> [What the exercise asks]:
Return, word for word, only the lines of the data below that lie between the line with "IFFINA 2014 Pacu" and the line with "Mengakhiri Sidang ke-21", those two lines included.

··· Data shown ···

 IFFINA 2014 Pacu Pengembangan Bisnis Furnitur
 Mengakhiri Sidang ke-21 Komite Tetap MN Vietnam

···
··· Data shown ···

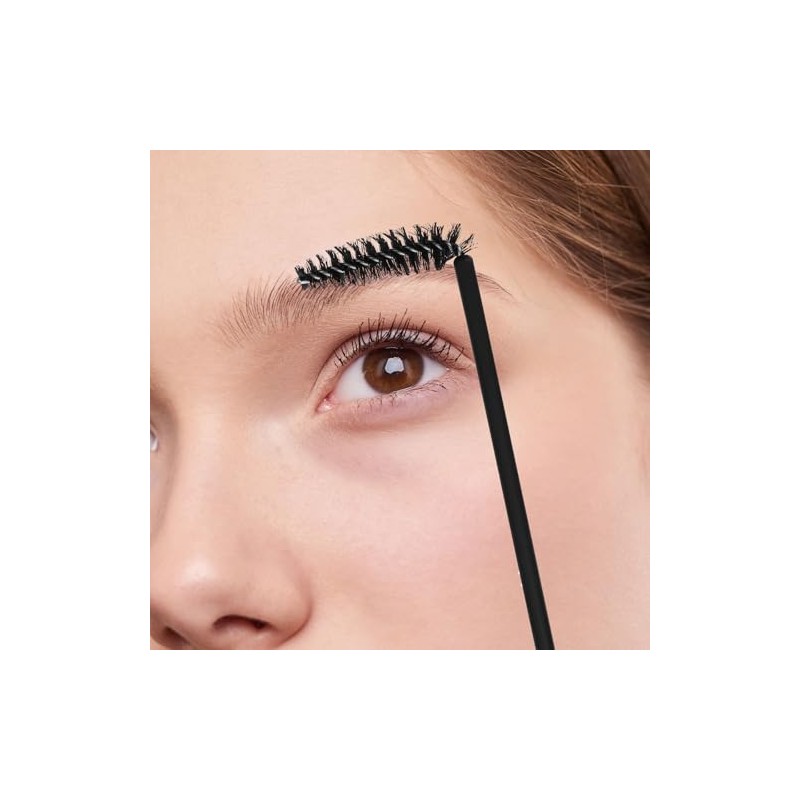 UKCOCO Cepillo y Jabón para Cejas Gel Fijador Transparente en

···
··· Data shown ···

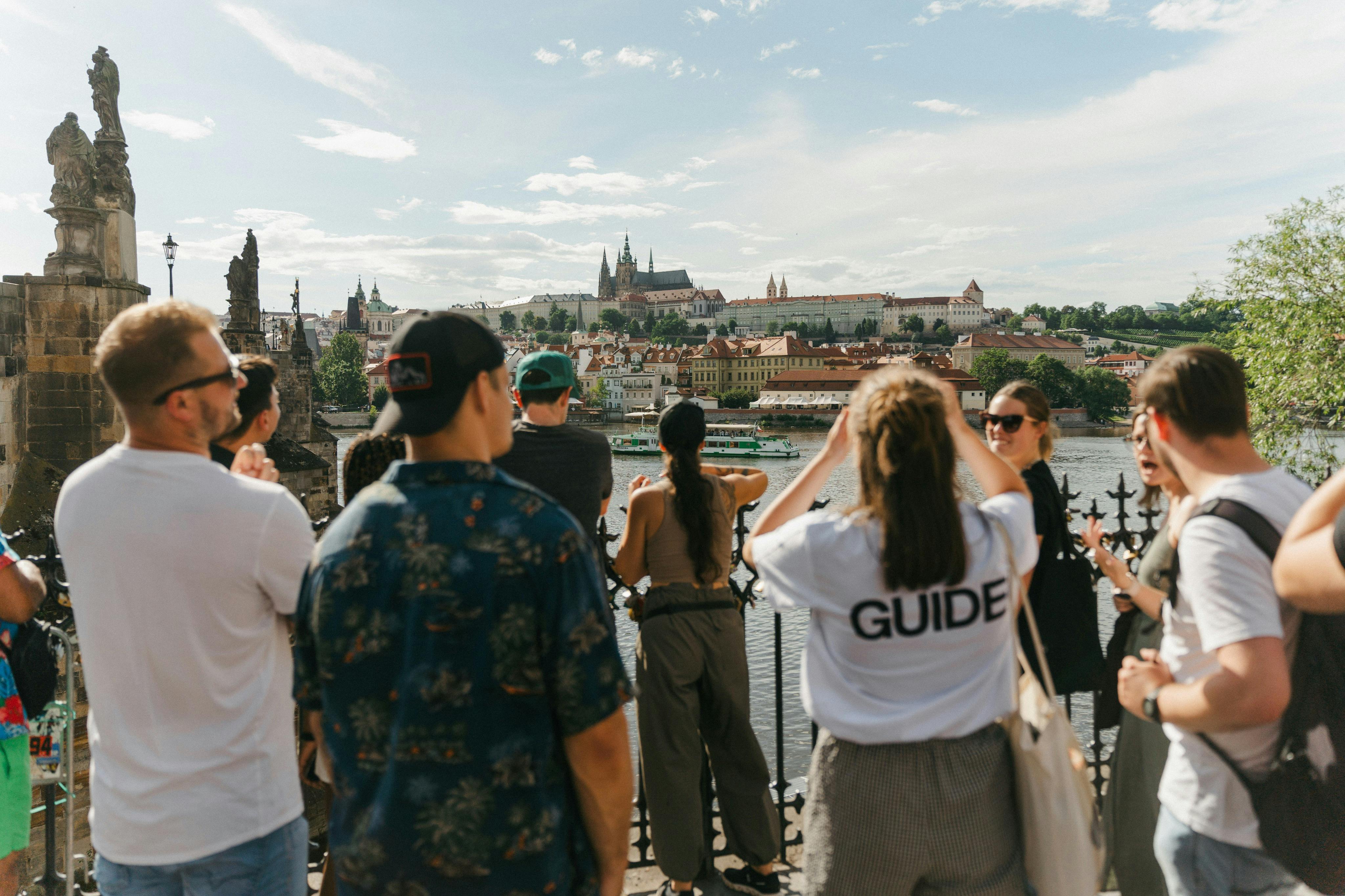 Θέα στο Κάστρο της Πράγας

···

> [Problem solution]:
 IFFINA 2014 Pacu Pengembangan Bisnis Furnitur
 Mengakhiri Sidang ke-21 Komite Tetap MN Vietnam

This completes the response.